10. En deuxième lieu, le droit d’être entendu, principe général du droit de l’Union européenne, se définit comme celui de toute personne à faire connaître, de manière utile et effective, ses observations écrites ou orales au cours d’une procédure administrative, avant l’adoption de toute décision susceptible de lui faire grief. Toutefois, ce droit n’implique pas systématiquement l’obligation, pour l’administration, d’organiser, de sa propre initiative, un entretien avec l’intéressé, ni même d’inviter ce dernier à produire ses observations, mais suppose seulement que, informé de ce qu’une décision lui faisant grief est susceptible d’être prise à son encontre, il soit en mesure de présenter spontanément des observations écrites ou de solliciter un entretien pour faire valoir ses observations orales. Enfin, une atteinte à ce droit n’est susceptible d’affecter la régularité de la procédure à l’issue de laquelle la décision faisant grief est prise que si la personne concernée a été privée de la possibilité de présenter des éléments pertinents qui auraient pu influer sur le contenu de la décision, ce qu’il lui revient, le cas échéant, d’établir devant la juridiction saisie.
11. Il ressort des pièces du dossier que, lors de son audition par les services de police le 21 août 2024, M. D a été informé qu’une mesure d’éloignement était susceptible d’être prise à son encontre et a été invité à présenter ses observations sur la perspective de son éloignement du territoire français. En outre, l’intéressé ne justifie d’aucun élément précis et circonstancié de nature, s’il avait été connu du préfet du Pas-de-Calais, à le faire renoncer à l’édiction de la décision en litige. Par suite, le moyen tiré de la méconnaissance du droit d’être entendu doit être écarté.
12. En troisième lieu, si le requérant soutient que la décision en litige retient des éléments qui ne correspondent pas à sa situation, dès lors qu’il a le statut de réfugié en Autriche, il ne l’établit pas. Par suite, le moyen tiré de l’erreur de fait doit être écarté.

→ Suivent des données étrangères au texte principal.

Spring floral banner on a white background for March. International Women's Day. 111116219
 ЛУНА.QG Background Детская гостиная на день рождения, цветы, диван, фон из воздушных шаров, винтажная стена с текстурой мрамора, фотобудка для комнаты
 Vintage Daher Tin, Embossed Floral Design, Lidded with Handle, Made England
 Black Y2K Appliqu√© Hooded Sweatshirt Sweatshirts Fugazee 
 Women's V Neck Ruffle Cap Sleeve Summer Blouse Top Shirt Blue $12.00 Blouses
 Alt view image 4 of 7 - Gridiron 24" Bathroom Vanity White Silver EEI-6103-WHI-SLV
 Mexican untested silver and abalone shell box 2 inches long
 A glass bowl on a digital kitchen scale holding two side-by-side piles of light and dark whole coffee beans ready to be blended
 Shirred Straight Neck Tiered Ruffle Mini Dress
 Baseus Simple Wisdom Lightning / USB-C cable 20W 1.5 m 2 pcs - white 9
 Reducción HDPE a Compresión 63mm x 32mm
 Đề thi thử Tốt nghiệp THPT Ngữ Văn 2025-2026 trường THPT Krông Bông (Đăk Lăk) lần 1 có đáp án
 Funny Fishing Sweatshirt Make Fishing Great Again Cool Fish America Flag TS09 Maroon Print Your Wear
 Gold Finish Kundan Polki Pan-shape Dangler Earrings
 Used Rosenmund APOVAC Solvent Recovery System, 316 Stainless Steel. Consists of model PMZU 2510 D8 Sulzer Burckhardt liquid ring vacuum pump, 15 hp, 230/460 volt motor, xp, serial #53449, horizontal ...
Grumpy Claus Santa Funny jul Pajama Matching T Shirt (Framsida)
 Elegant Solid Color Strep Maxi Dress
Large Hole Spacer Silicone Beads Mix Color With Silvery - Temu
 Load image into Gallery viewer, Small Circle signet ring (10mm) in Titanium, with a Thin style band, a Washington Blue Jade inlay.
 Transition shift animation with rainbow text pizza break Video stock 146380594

13. En quatrième et dernier lieu, si le requérant soutient la décision en litige méconnait les dispositions de l’article L. 513-2 du code de l’entrée et du séjour des étrangers et du droit d’asile et les stipulations de l’article 3 de la convention européenne de sauvegarde des droits de l’homme et des libertés fondamentales dès lors que sa vie serait en danger dans son pays d’origine, il n’assortit pas ses deux moyens des précisions suffisantes permettant au tribunal d’en apprécier le bien-fondé. Dès lors, ces moyens doivent être écartés.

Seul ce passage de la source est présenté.